On Monday, January 10, 2011, the Supreme Court heard arguments in Matrixx Initiatives, Inc. v. Siracusano, No. 09-1156. The Court previously granted certiorari in the case to decide: “Whether a plaintiff can state a claim under § 10(b) of the Securities Exchange Act and SEC Rule 10b-5 based on a pharmaceutical company’s nondisclosure of adverse event reports even though the reports are not alleged to be statistically significant.” To see more information on the underlying suit and more background on the case, view our prior client alert here.
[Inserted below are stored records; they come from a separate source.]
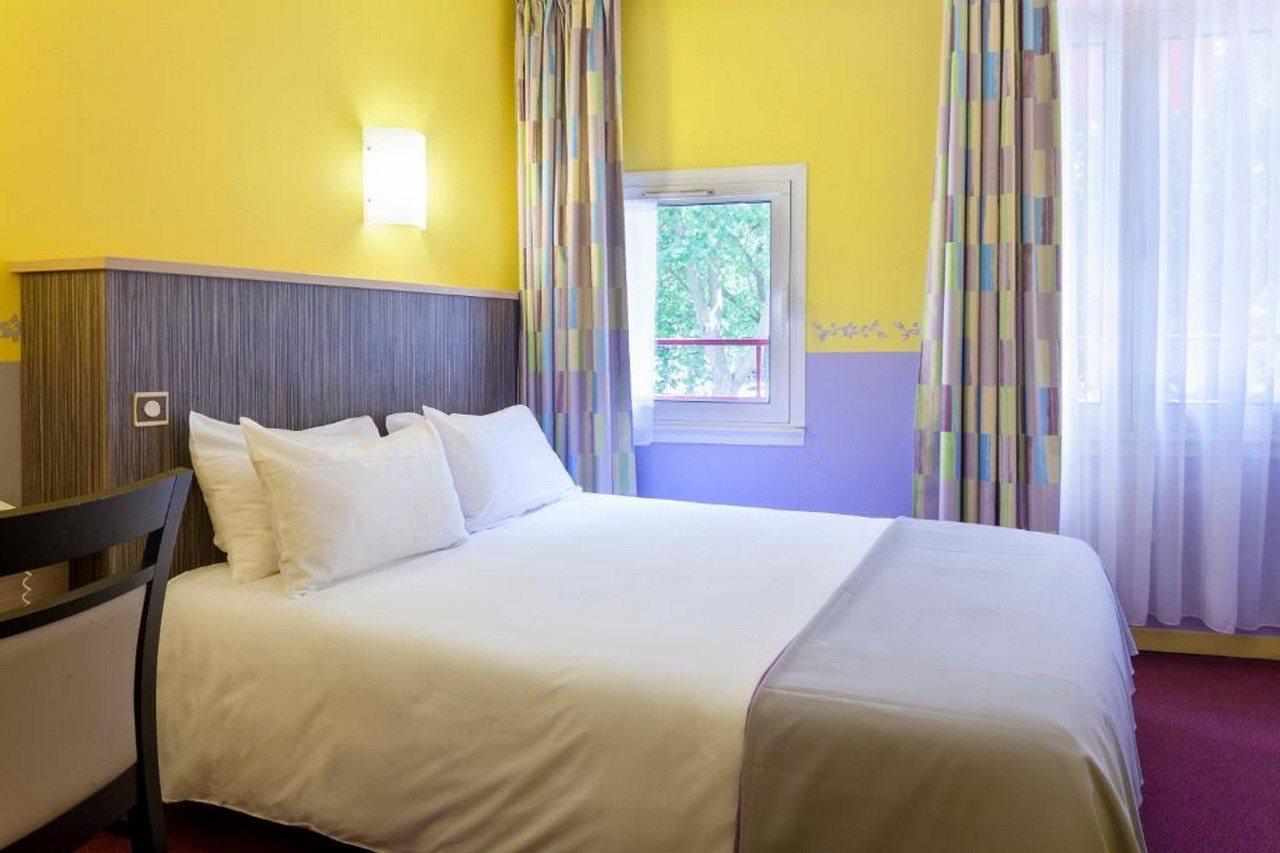 Brit Hotel Le Lion D'Or Chinon Exteriör bild
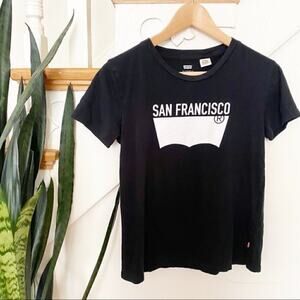 Levi's graphic front black short sleeves shirt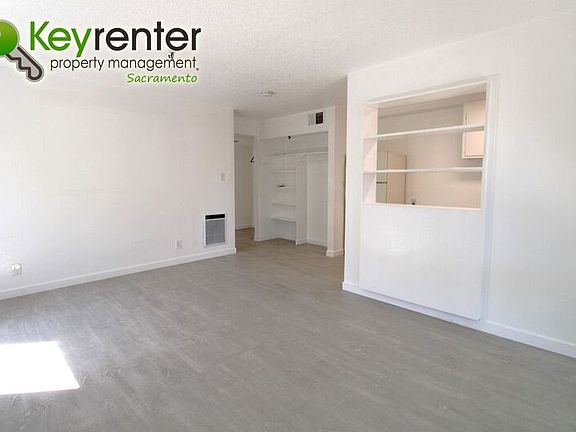 3rd image of 2320 P St #202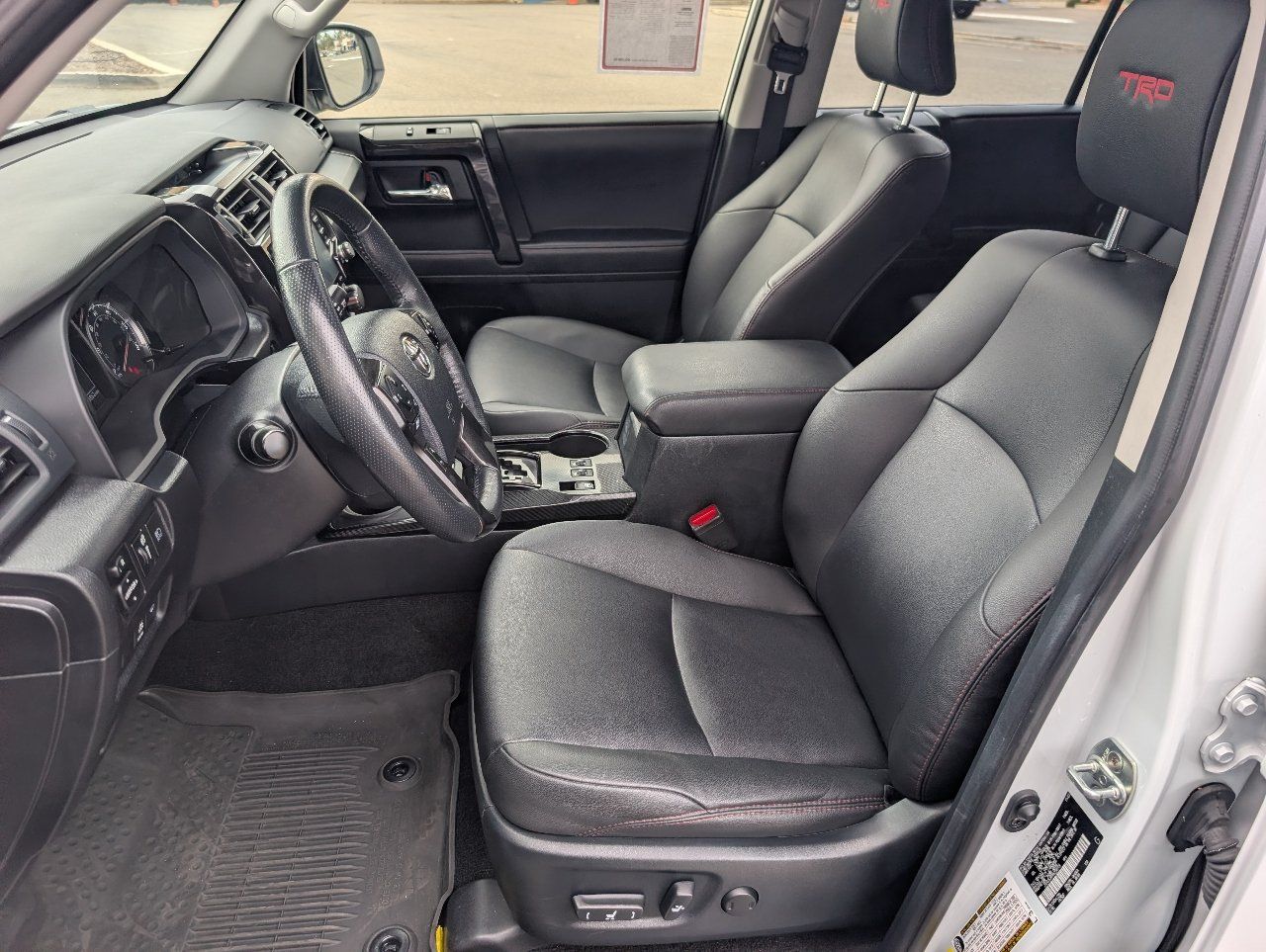 Used 2024 Toyota 4Runner TRD Off-Road Premium w/ Off Road Premium Plus Package AWD/4WD image 2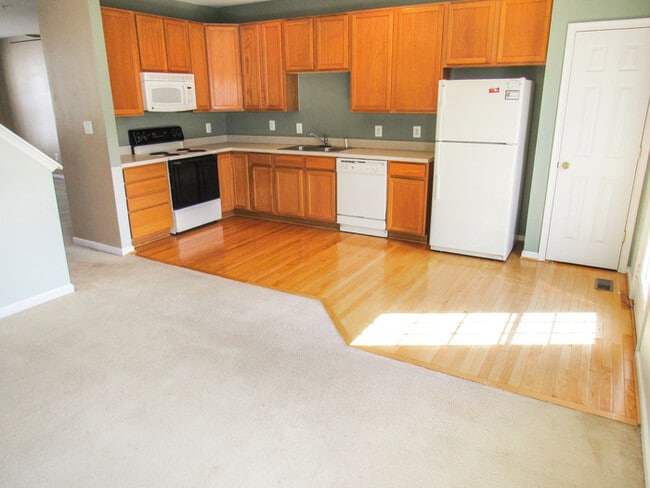 21351 Jettison Dr in Lexington Park, MD - Building Photo - Building Photo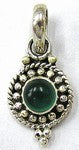Zilveren hanger 18mm met hangoog en groene steen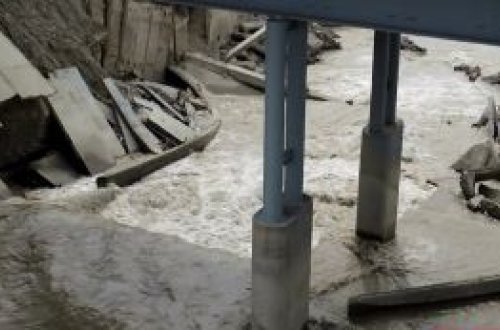 Şəkidə 32 yaşlı kişi özünü körpüdən atıb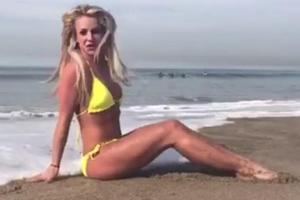 Britney Spears räkelt sich im gelben Bikini im Sand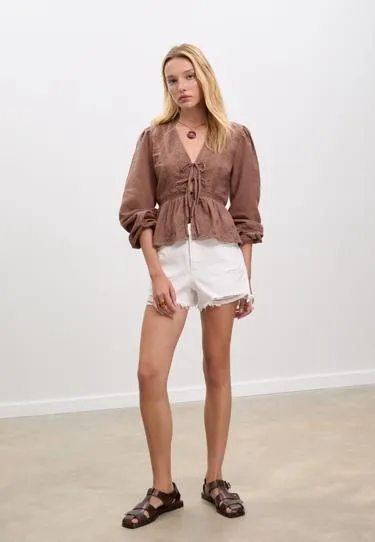 Легкая блузка с вышивкой и узлом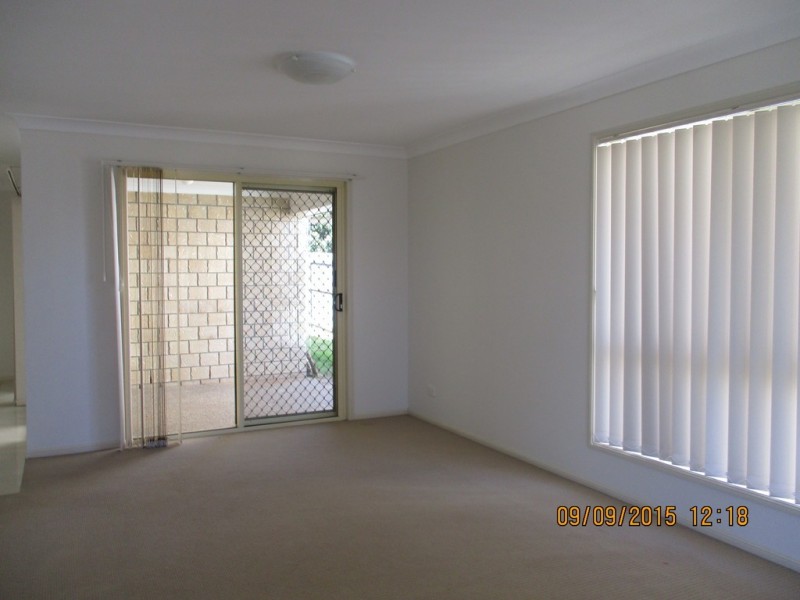 2/7 Lady Bowen Parade, Rothwell QLD 4022
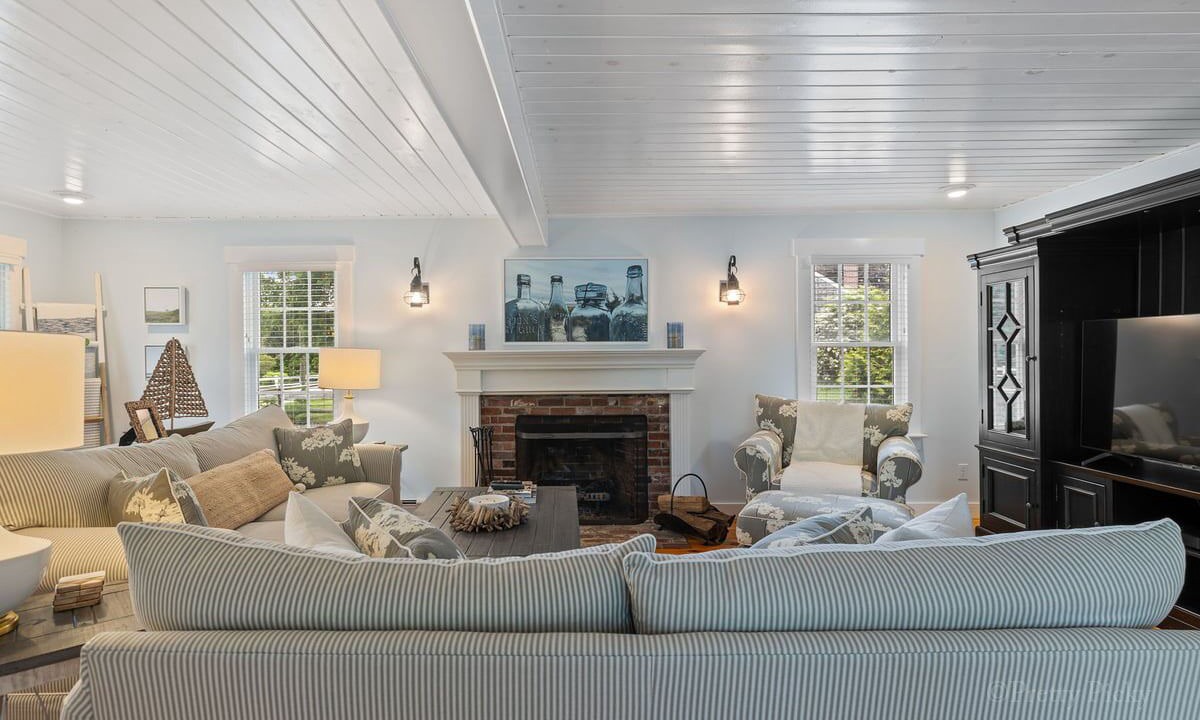 Photo of Livingroom in Dennis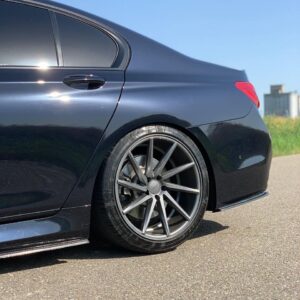 Suorituskykyiset takapuskurin sivuläpät kiiltävä ABS BMW G11 / G12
Materiality and scienter, which are the primary legal issues in dispute in Matrixx, are two key elements of a securities fraud claim under section 10(b) of the Securities Exchange Act of 1934. The defendants argued that anecdotal information about reports of side effects or other adverse reactions are not meaningful to scientists and medical professionals and thus, their disclosure will not provide accurate information on the performance of a drug or device. Consequently, withholding information about adverse events cannot be misleading unless plaintiffs establish a statistically significant relationship between the adverse events and use of the drug or device. Defendants asked the United States Supreme Court to adopt this bright-line rule, consistent with the practices of the First, Second, and Third Circuit Courts of Appeal.